[ABOUT THIS TASK]
Set down the full listing below word for word; pictures stay out of the copy.

++++ RECORDED DATA

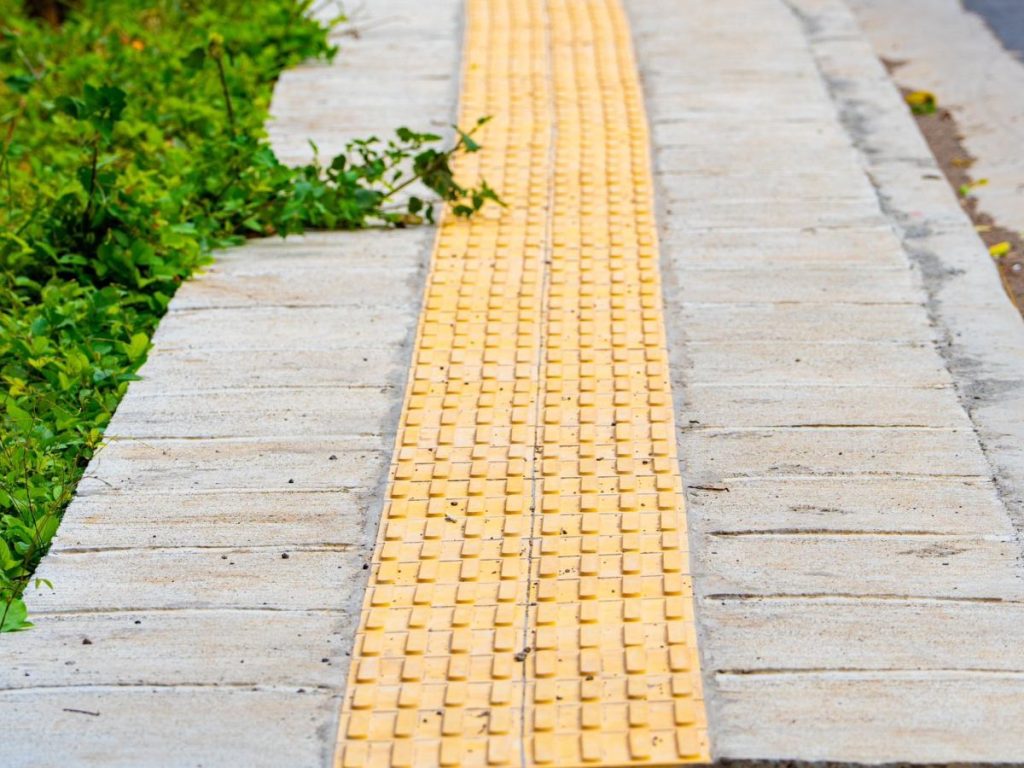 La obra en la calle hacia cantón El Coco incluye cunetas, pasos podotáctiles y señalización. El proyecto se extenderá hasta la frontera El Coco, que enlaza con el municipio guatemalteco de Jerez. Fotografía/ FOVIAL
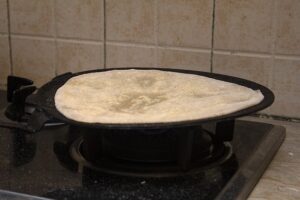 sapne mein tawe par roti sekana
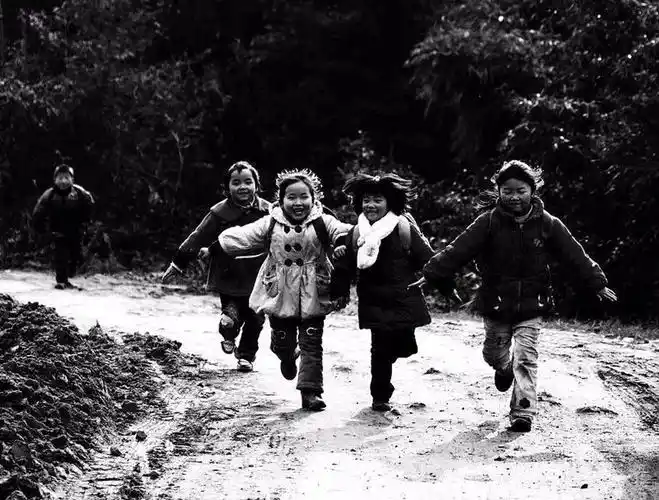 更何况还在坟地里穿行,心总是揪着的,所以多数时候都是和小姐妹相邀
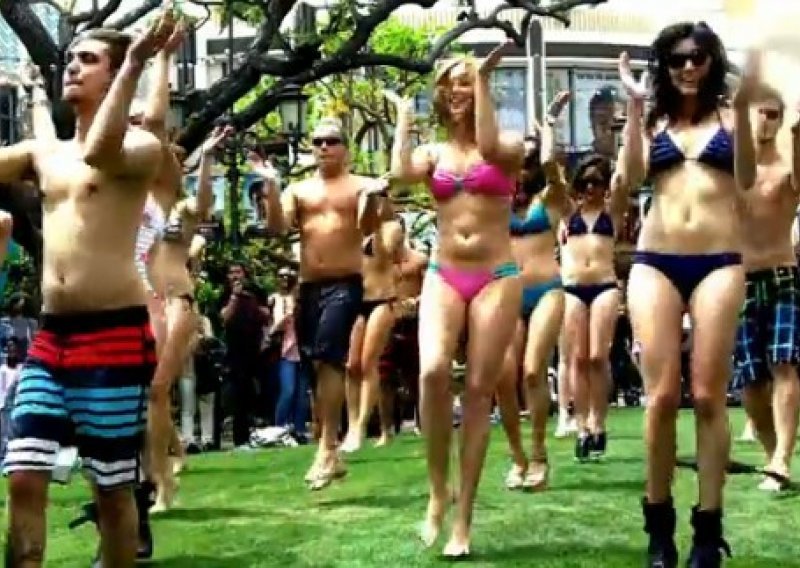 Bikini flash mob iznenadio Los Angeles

++++++++

[SOLUTION]
 La obra en la calle hacia cantón El Coco incluye cunetas, pasos podotáctiles y señalización. El proyecto se extenderá hasta la frontera El Coco, que enlaza con el municipio guatemalteco de Jerez. Fotografía/ FOVIAL
 sapne mein tawe par roti sekana
 更何况还在坟地里穿行,心总是揪着的,所以多数时候都是和小姐妹相邀
 Bikini flash mob iznenadio Los Angeles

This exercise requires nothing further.